= Peter Stevens (car designer) =

British car designer (born 1943)

Professor Peter Stevens (born 1943) is a British car designer.

Stevens is one of the UK's best-known vehicle designers. He is currently a design consultant, teacher and lecturer.

Stevens trained at Central St Martin's School of Art and then, the Royal College of Art. He began his career in the 1970s as a designer at Ford, then Ogle design. He also began his long career as a tutor of Vehicle Design students at the RCA at this time . He spent five years as chief designer at Lotus Cars in the 1980s, where he developed the Esprit revision and designed the Lotus Elan (M100). He then designed the Jaguar XJR-15 and later in 1990 became Chief Designer at McLaren Cars. He was responsible for the design of the McLaren F1, launched in 1993. After a spell as chief designer at Lamborghini, he returned to the UK, undertaking consultancy for Prodrive, BMW, Williams and Toyota. Alongside his automotive design consultancy, he became Visiting Professor of Vehicle Design at the Royal College of Art, London, until October 2014. He was appointed as design director at the MG Rover Group in 2000.
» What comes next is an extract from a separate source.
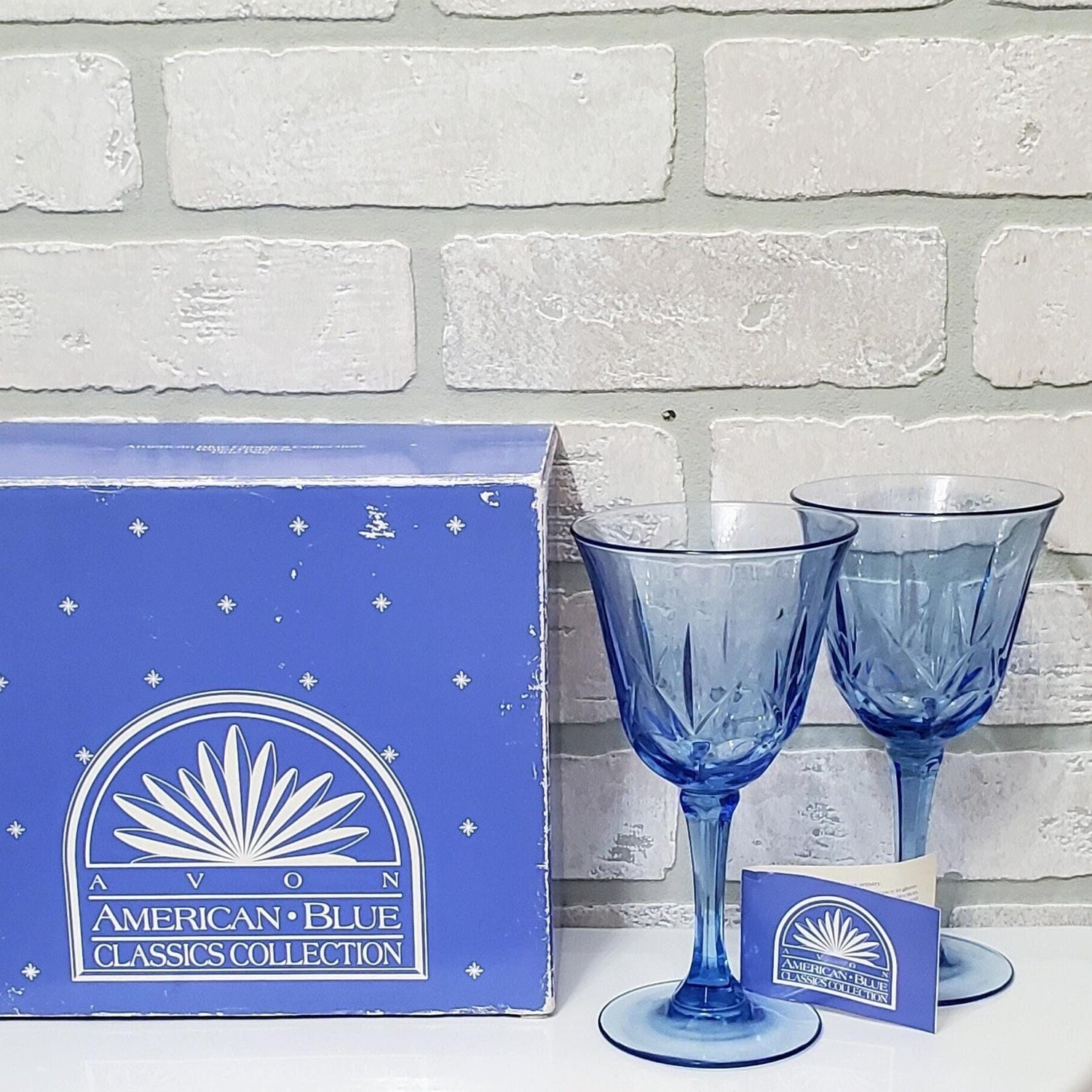Avon American Blue Classics Glasses Vintage Goblet Collectible in Box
As consultant director of design for Mahindra & Mahindra in India, from 2005, Stevens oversaw the introduction of the M&M GIO and the sell-out Mahindra XUV500.

From 2011-12, Stevens was director of design, at Rivian Automotive, a green auto manufacturer located in Rockledge, Florida, USA.

Currently, Stevens is a consultant, designer and lecturer. He is involved in the design and application of hybrid technology, including a high performance electric race car.

Twice nominated as the UK’s Prince Philip Designer of the Year, Peter Stevens has won numerous honours for his work, including 2002 Automotive Designer of the Year by Autocar. His work includes creating road and race cars for McLaren, Lamborghini, BMW, Lotus, MG Rover and Prodrive. His well-known designs include the McLaren F1 road car, the 1999 Le Mans-winning BMW V12 LMR, the Lotus Elan, Subaru’s Impreza P1 and world rally series–winning WRC as well as Jaguar’s XJR-15.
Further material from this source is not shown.